I don't doubt that. Cobleskill has had 7 different mayors since 1990. Cobleskill residents are very hard to satisfy.

Regarding the other point about village voters controlling the town, that's not really true.

Mathematically speaking, you're correct. However, the village creates a constituency where party affiliations don't matter so much and as a result, republicans and democrats typically put their partisan concerns aside and vote independently on village-related issues. At the town level, where candidates run on Rep and Dem ballot lines, the voting tends to become more partisan and Village republicans vote with Town republicans and drown out everyone else. Village elections, because of their non-partisan nature can allow voters to focus on the individual candidate rather than on their party affiliation. This seems trivial, but it's not.

As far as "losing control", I don't think that's necessarily the issue. The point I was making was that village residents benefit from the autonomy that comes with village government. It's a question of scale more than anything else. The ability to speak out at trustee meetings or to serve on planning boards, scenic and historic preservation boards or tree committees affords village residents a more intimate, smaller-scale government.

I don't think village residents would necessarily "lose control" of their community if the village were dissolved, but they would lose these opportunities for participating in a local government that is smaller, more intimate, and closer to home and therefore more responsive.

So far, I have not seen a study that provides a compelling reason to give all that up.

Bob Strollers said...

If I run as an independent in the town and I am a village resident and I have 2 other village residents to run with me and my platform is --village residents vote for me and my 2 friends, and I will relieve you of the double taxation the town is imposing on you---you don't think I'd win? screw the republicans!!!!!

Anonymous said...

The reason sellers is beeing a b__ Buddy with galasso is because eventually he will be out of a job and will need employement or a real job. Gallaso will give him a tocken job or provide the conection. No brain science there.

Anonymous said...

TOcken

no brain speller there
try spellcheck moron.

Anonymous said...

Are you so sure that the majority of people in the village would not support dissolution? As far as the concern for local intimacy I doubt it would be lost by going from a population of 4000 people to 7000 people. We are not talking about New York City taking over Westchester County. I do admit that given the current economic circumstances this state is experiencing, I doubt there will be any money for consolidation purposes. Given the current acrimony that is on display twice a month at village and town board meetings one could envision one board. Thoughtful, planned growth would certainly be more attainable if we eliminated one layer of bureaucracy. One way to put this issue to rest would be to have a referendum. . Once the voters have said their piece it should end.One thing we would have to avoid is a scenario similar to the school merger. In that case they kept putting it on the ballot till the desired results were achieved by the proponents.

Sean said...

I have no idea what Cobleskill village voters want. All I can say is that it would be a mistake for them to support dissolution.
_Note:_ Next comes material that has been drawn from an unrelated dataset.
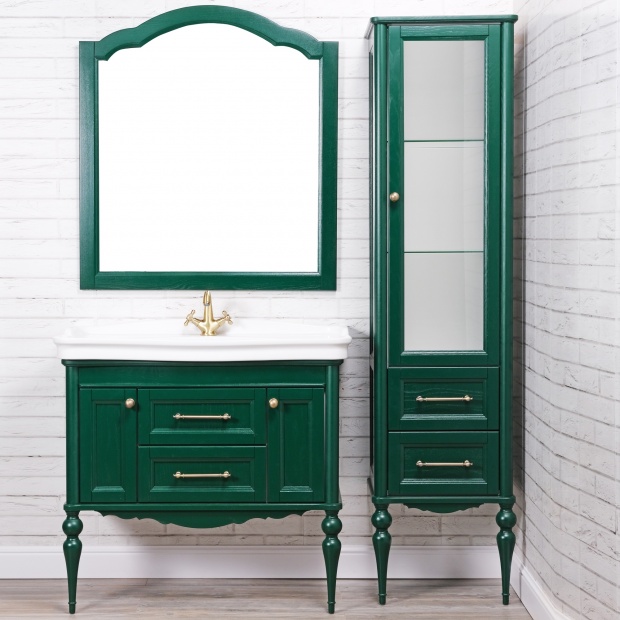 Комплект мебели ValenHouse Эстетика 100, зеленая, подвесная, ручки бронза
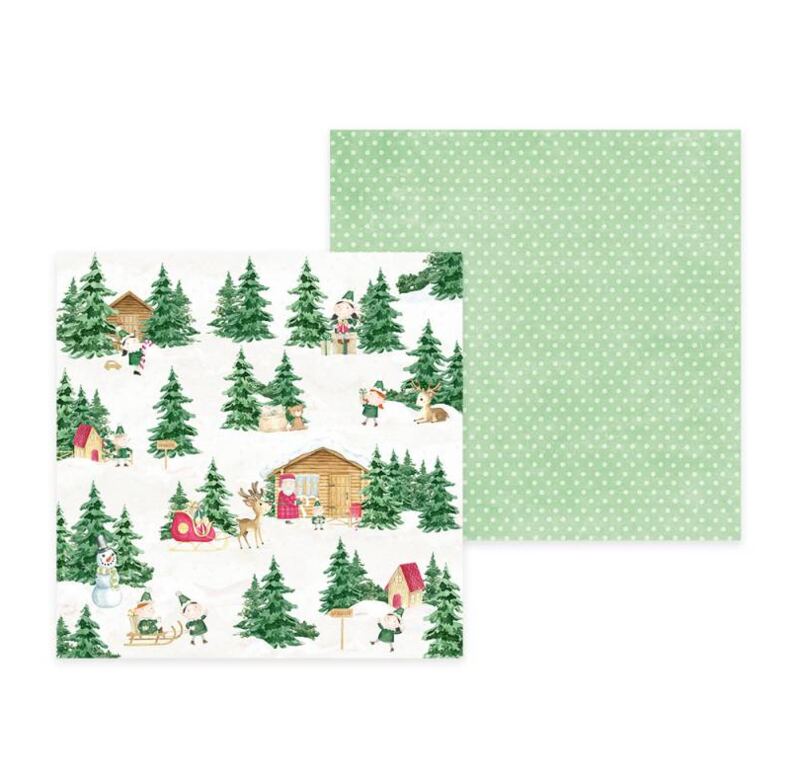 Sada scrapbookových oboustranně potištěných papírů P13 6x6" Santa´s workshop - sada 24 listů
What you call a "layer of bureaucracy", I call a forum for discussion of local concerns that affords residents the opportunity to serve on boards that make decisions about their immediate community and to focus on issues that uniquely affect the village.

I could easily imagine lost intimacy going from a population of 4000 to 7000. Automatically, village issues would be overshadowed by whatever the town board is concerned with, most likely how to appease big box developers and mystery companies.

As for the argument that "thoughtful, planned growth would be more attainable if we eliminated one layer of bureaucracy", I see that as merely wishful thinking.

"thoughful, planned growth" is unlikely when land developers and realtors are running planning and zoning boards. The number of layers of bureaucracy has little to do with it.

Why should there be a referendum? Because 2 people in the village want it dissolved?